Questionamentos sobre o bom uso da tecnologia e até mesmo roupas, apesar de ser a modalidade mais rudimentar de preconceito, ainda se fazem presentes na sociedade brasileira. Todavia, “Euller Miller entre Dois Mundos” opta por ser mais afirmativo, propondo uma inclusão conclusiva muito valiosa para o público-alvo que um festival aberto tenta atingir. Essa voz direta em um discurso simples faz a primeira metade do longa-metragem bem conectiva, apenas perpassando os dramas da vida do protagonista. Euller é um jovem que se encontrou com sua ancestralidade muito cedo e agora se esforça para realizar o intercâmbio cultural que tanto se espera na heterogenia da constituição do Estado brasileiro. Esse alinhamento se reflete em uma espécie de decisão editorial de um documentário que preza pela informação.
Nessa proposta de se valer do expediente das ditas “cabeças falantes”, uma cronologia cansativa, permeada com intervenções de representantes da instituição de ensino que – se não tornam o filme um produto cinematográfico arrebatador – o preenchem de apelo junto ao espectador mais curioso. Há uma intervenção musical com um espaço dedicado ao rap e curiosamente outra produção selecionada para a mesma mostra de cinema abre esse debate, “Orin: Música para os Orixás“. É quase como um aviso de que as novas gerações querem, acima de tudo, unir os costumes e tradições de seus ancestrais ao que de mais contemporâneo a cultura popular possa fabricar.

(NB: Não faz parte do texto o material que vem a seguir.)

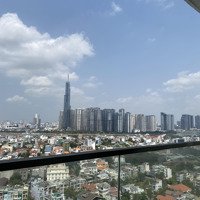 4Tỷ8 Căn 2 Phòng Ngủtầng Cao View Thoáng.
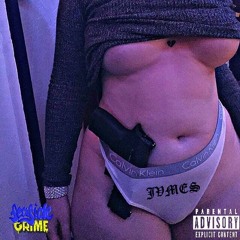 BarelyBreathing (Prod. FRZN)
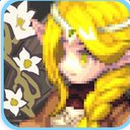 世界之歌美丽而黑暗的童话中文汉化版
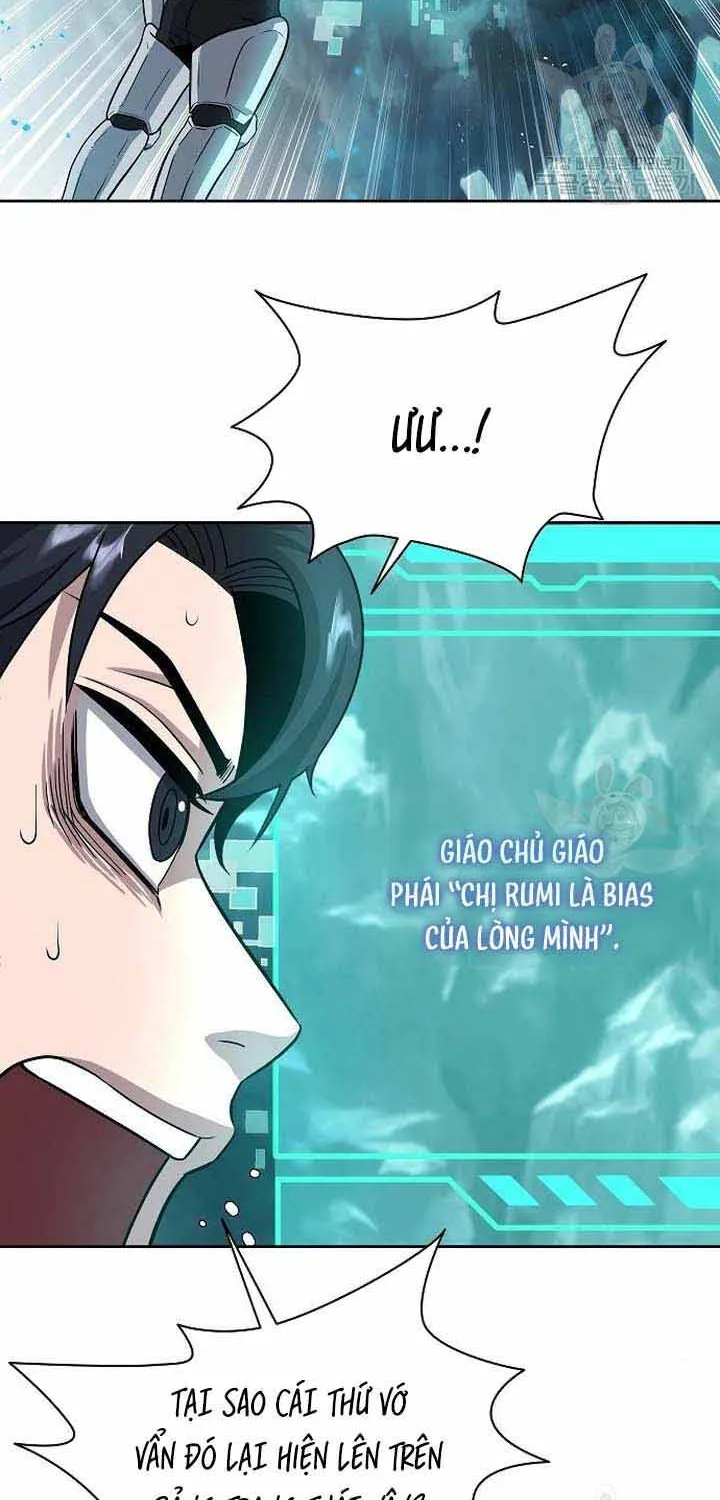 Vừa Trở Về Từ Dị Giới Thì Phát Hiện Mai Đã Phải Nhập Ngũ Chap 7 - Next Chap 8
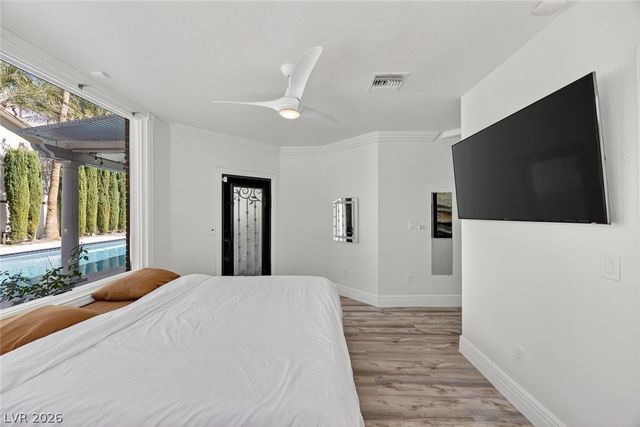 2239 Chatsworth Court, Henderson, NV 89074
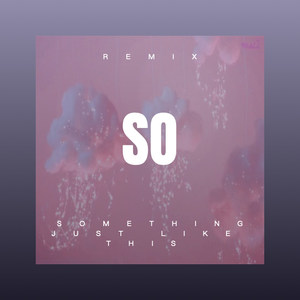 披着羊皮的狼 (DJ版)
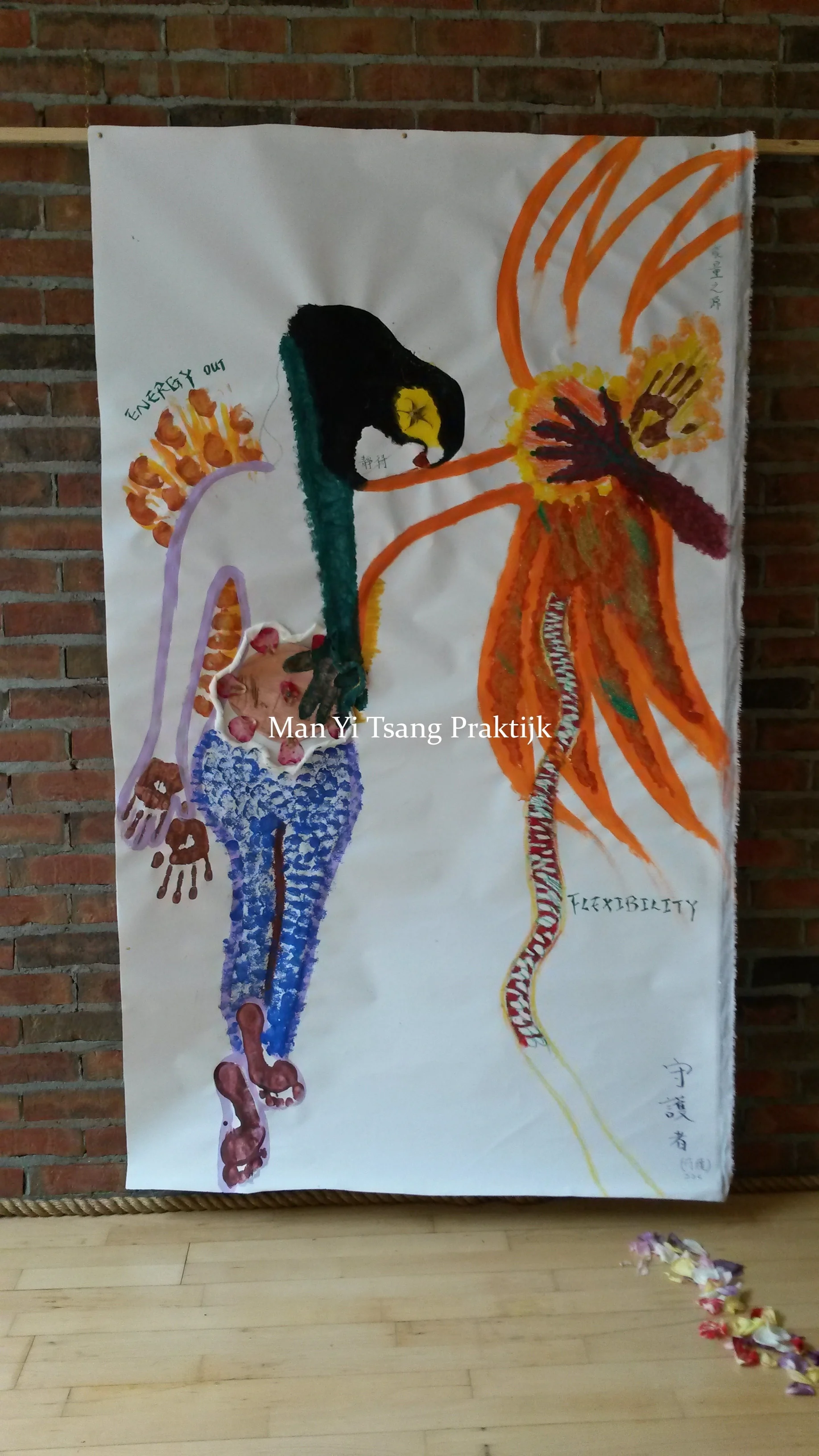 MY Body Map 2015-6-min.jpg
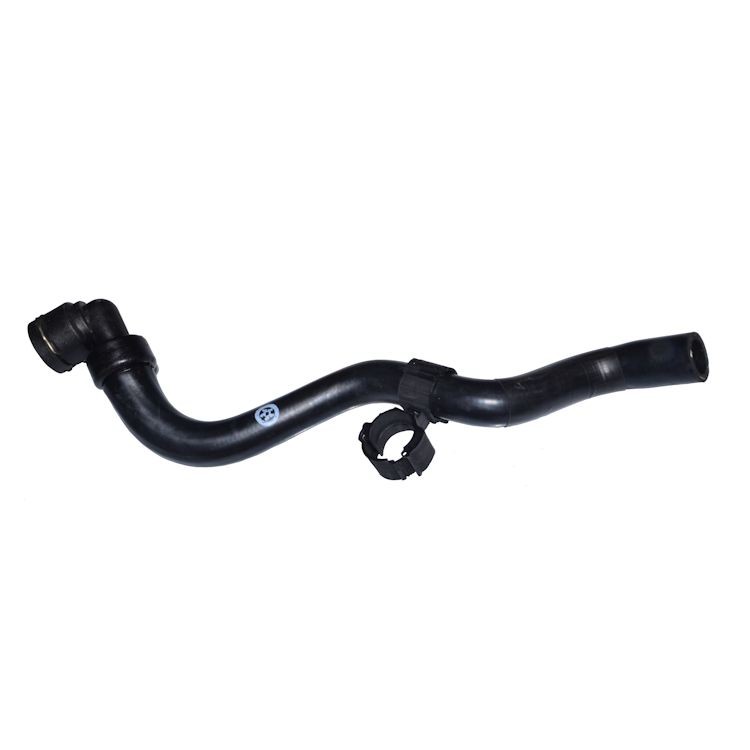 ASTRA J 1 7D HEATİNG HOSE - 1818642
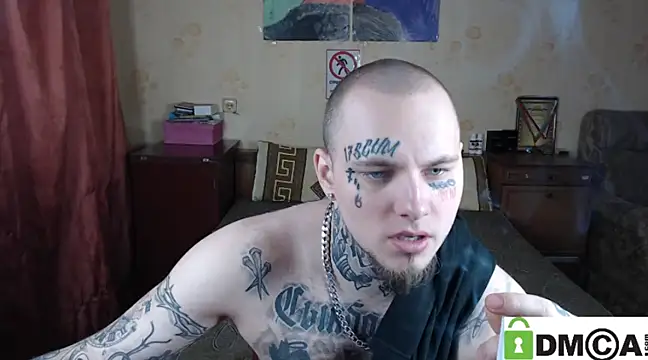 Snapshot of Keny_Collins chatting on February 22, 2025, 3:58 pm Keny Collins online show from February 22, 2025, 3:58 pm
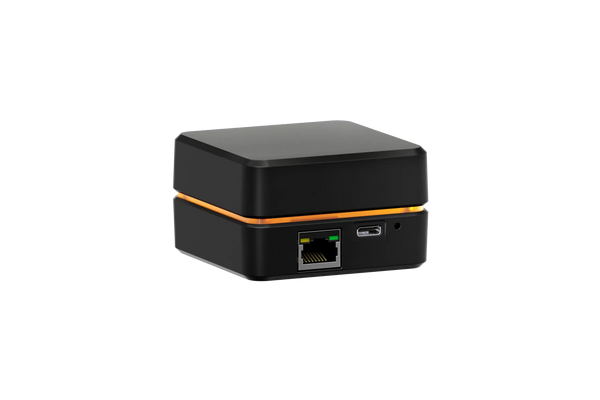 Delta PRO SC + Simucube 3 + Link Quick Release Bundle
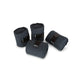 ARMA Fleece Bandages - Black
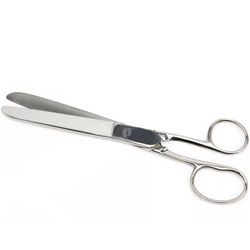 для перевязочного материала  225 мм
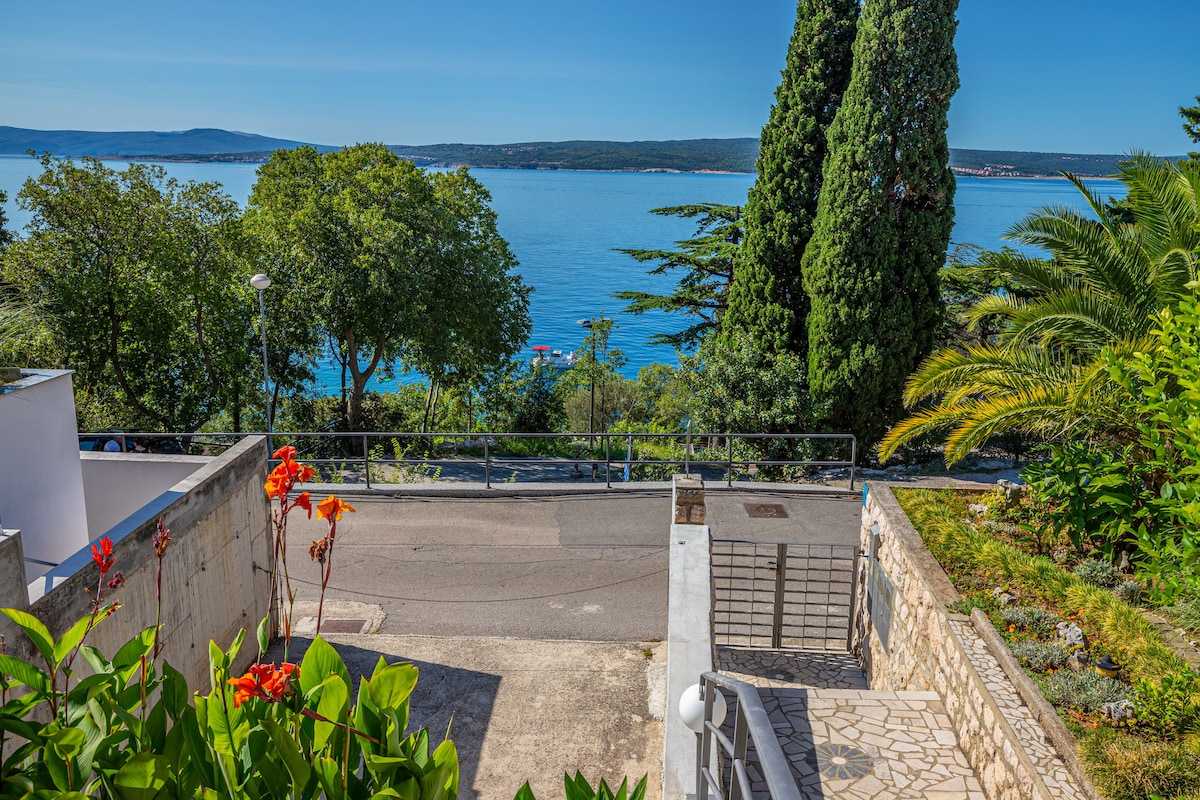 Apartman Zorka 3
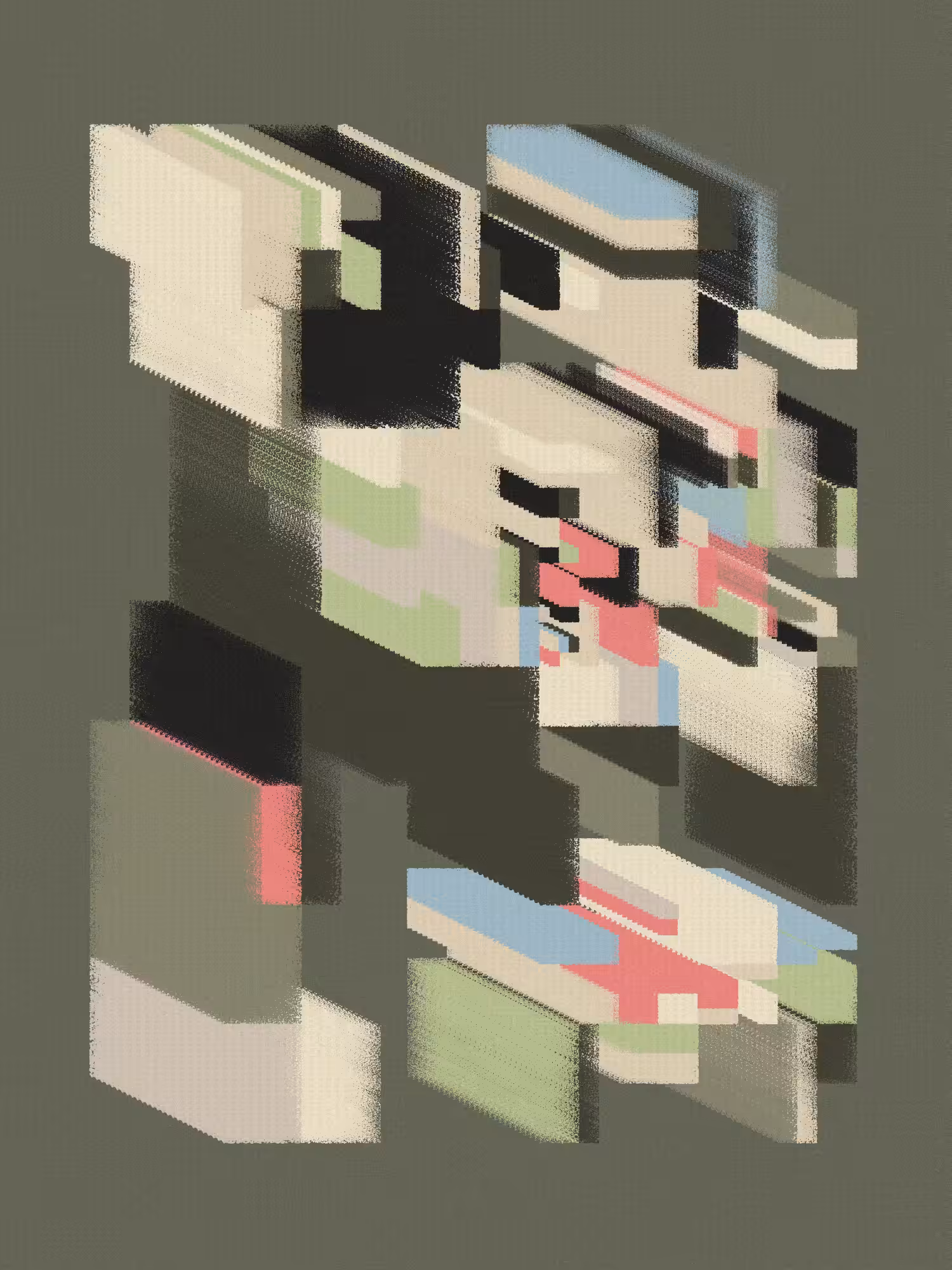 🄷🄰-6 #822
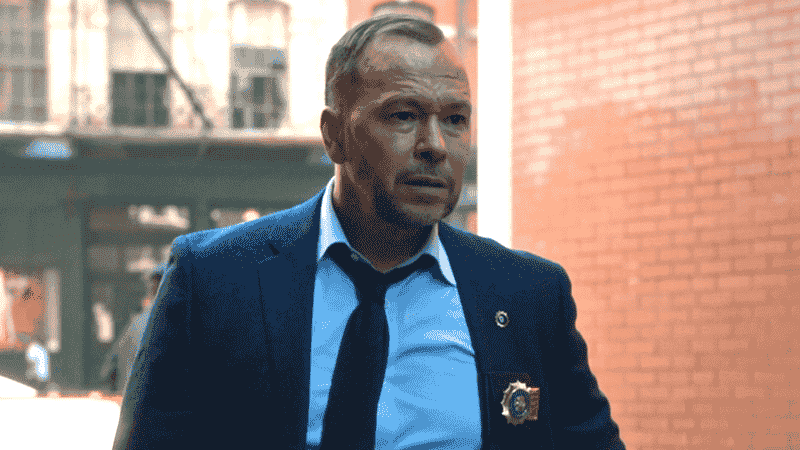 Full Cast of Blue Bloods Season 14 Episode 14: Guest Stars & Actors (Photos) - Lori Loughlin, Vanessa Ray & More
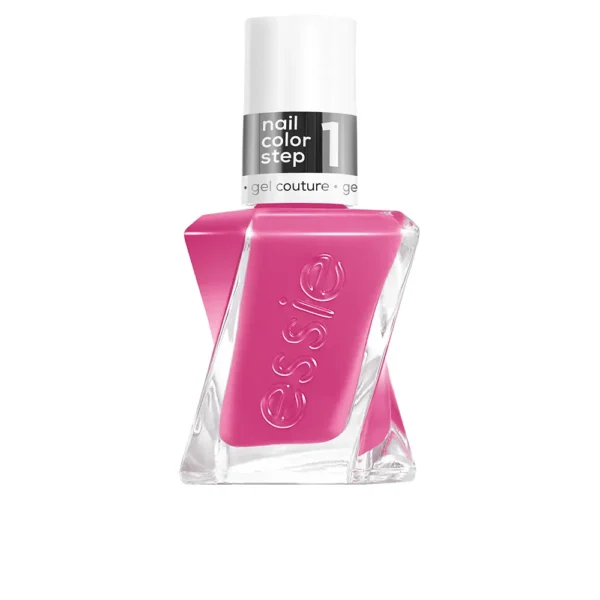 GEL COUTURE Step 1 Nail Polish #559 Fuel Your Life 13.5ML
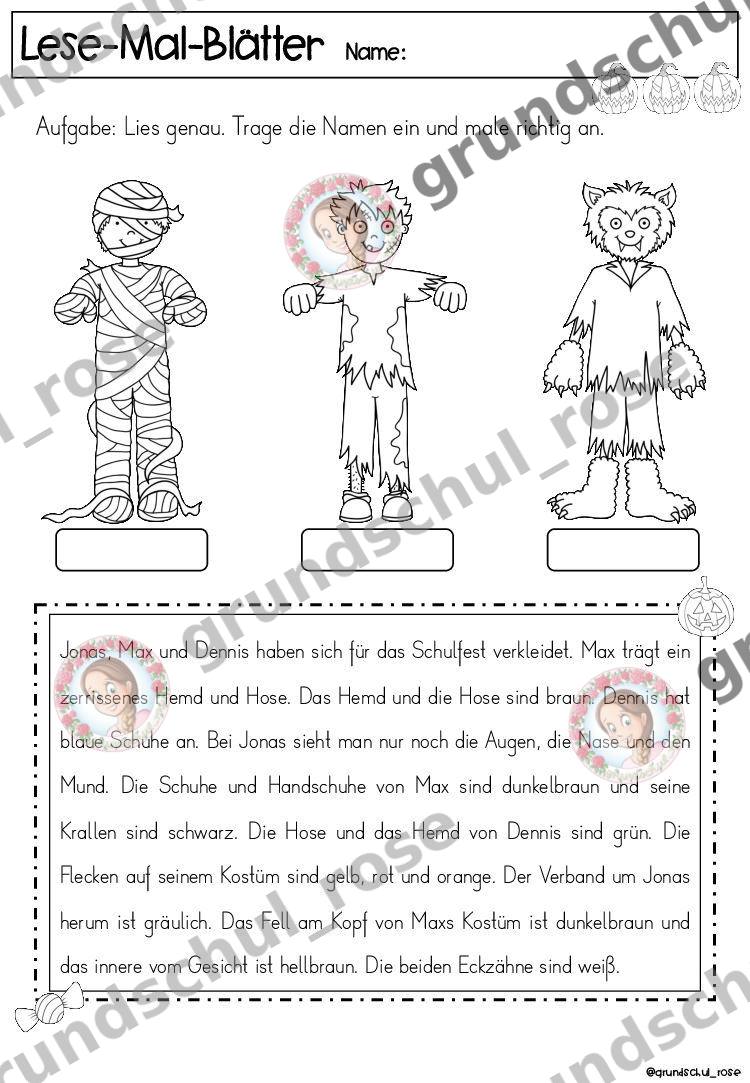 Materialvorschau, Seite 27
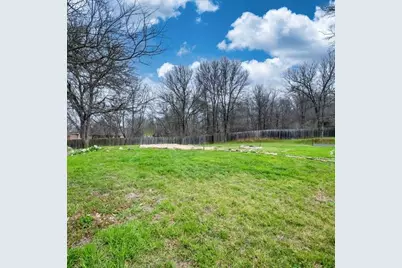 108 Halawa Court, Bastrop, TX 78602 - Photo 28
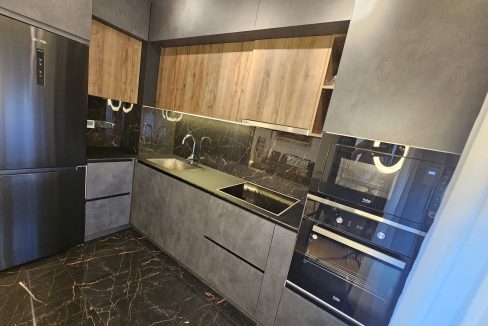 b3ed48b5-ef12-491f-9c19-a5687fc9e48f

A grande questão em “Euller Miller entre Dois Mundos” é que nessa ambientação carregada de informação e formalismo, sua dinâmica enquanto cinema perde espaço para um produto que remete mais a uma longa (e boa) reportagem. Em sua proposta de reverberar a importância da política de acesso aos grupos silenciados nas instituições públicas de ensino (e ao complementar auxílio financeiro que evita a evasão dos alunos), não encontra uma maneira de balancear essas questões. Quando tenta, ao ultrapassar o acolhimento universitário, o filme se volta para os familiares do protagonista que celebram os esforços do jovem para ampliar o conceito de dignidade humana.
Esse contraponto meramente emocional cria uma obra híbrida entre reportagem de revista eletrônica e um homenagem especial de programas dominicais da TV aberta. Essa complexificação do objeto do documentário tenta seguir um caminho de trazer depoimentos sobre questões sanitárias da aldeia e elementos que o protagonista de “Euller Miller entre Dois Mundos” não abarcam em seu discurso. Contudo, sua pauta é tão bem definida na origem que essas inserções se perdem ao longo da segunda metade, esvaindo rapidamente o que poderia ser uma outra vertente a ser trabalhada.
Fundamental no entendimento das demandas de povos indígenas, o documentário é mais um representante da produção nacional que ousa levar a montanha a Maomé. Um caso exemplar de ocupação de espaço antes limitado às representações limitadas que o cinema purista gostava de criar. Por isso, mesmo com escolhas estilísticas que enfraquecem o eventual poder transformador em larga escala, há na publicização de filmes como “Euller Miller entre Dois Mundos” a romântica esperança de incentivar tanto o respeito ao outro quanto o próprio empoderamento.